Task objective – Return the data below exactly, but only from the line containing "EZRO Classic Tan" through the line containing "Бутылочка для кормления Mepsi", with both of those lines included.

Data extract –
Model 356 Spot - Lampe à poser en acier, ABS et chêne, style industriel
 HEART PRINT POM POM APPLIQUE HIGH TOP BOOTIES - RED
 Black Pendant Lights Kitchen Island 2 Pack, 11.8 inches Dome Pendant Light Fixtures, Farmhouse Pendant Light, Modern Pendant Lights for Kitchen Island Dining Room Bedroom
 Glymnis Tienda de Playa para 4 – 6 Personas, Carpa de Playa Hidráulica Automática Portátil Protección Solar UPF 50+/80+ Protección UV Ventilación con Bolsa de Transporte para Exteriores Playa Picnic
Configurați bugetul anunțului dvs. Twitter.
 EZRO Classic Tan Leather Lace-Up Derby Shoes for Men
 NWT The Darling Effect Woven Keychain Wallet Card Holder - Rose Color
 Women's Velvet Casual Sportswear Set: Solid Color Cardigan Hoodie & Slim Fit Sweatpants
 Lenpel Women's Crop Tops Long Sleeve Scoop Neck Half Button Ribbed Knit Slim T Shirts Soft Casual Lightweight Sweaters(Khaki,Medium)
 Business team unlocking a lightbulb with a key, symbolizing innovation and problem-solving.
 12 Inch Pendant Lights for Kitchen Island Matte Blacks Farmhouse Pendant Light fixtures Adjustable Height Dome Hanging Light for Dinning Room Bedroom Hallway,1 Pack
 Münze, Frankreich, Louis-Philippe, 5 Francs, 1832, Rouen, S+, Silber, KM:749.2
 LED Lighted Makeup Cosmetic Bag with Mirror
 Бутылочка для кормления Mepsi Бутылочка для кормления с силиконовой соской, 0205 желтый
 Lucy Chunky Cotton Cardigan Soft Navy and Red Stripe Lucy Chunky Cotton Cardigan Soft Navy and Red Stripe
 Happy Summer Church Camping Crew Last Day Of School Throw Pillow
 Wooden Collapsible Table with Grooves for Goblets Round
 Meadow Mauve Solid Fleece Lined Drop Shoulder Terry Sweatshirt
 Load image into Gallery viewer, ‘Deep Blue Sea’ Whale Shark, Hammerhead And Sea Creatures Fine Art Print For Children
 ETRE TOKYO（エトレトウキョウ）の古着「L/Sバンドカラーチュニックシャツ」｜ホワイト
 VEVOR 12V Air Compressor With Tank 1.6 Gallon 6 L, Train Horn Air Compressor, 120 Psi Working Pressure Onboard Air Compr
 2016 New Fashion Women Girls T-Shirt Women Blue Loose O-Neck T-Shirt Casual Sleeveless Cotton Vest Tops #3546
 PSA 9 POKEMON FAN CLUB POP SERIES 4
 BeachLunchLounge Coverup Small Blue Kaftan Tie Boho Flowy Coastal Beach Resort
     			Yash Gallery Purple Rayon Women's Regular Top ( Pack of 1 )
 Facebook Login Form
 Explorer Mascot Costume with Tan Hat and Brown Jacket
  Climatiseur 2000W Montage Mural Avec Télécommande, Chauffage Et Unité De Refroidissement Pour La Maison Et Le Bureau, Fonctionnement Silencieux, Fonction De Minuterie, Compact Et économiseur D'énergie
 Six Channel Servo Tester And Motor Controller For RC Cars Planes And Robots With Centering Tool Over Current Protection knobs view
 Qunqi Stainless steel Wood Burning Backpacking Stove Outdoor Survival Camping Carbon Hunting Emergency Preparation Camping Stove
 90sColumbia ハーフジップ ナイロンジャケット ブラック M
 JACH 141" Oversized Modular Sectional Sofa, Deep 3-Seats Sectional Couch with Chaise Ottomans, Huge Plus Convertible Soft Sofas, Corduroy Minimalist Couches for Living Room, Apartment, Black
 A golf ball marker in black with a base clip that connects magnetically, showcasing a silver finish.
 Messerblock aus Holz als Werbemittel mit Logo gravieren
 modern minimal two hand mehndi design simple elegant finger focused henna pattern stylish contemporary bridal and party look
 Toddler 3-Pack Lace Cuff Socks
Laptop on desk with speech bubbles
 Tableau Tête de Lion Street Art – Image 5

The completed task –
 EZRO Classic Tan Leather Lace-Up Derby Shoes for Men
 NWT The Darling Effect Woven Keychain Wallet Card Holder - Rose Color
 Women's Velvet Casual Sportswear Set: Solid Color Cardigan Hoodie & Slim Fit Sweatpants
 Lenpel Women's Crop Tops Long Sleeve Scoop Neck Half Button Ribbed Knit Slim T Shirts Soft Casual Lightweight Sweaters(Khaki,Medium)
 Business team unlocking a lightbulb with a key, symbolizing innovation and problem-solving.
 12 Inch Pendant Lights for Kitchen Island Matte Blacks Farmhouse Pendant Light fixtures Adjustable Height Dome Hanging Light for Dinning Room Bedroom Hallway,1 Pack
 Münze, Frankreich, Louis-Philippe, 5 Francs, 1832, Rouen, S+, Silber, KM:749.2
 LED Lighted Makeup Cosmetic Bag with Mirror
 Бутылочка для кормления Mepsi Бутылочка для кормления с силиконовой соской, 0205 желтый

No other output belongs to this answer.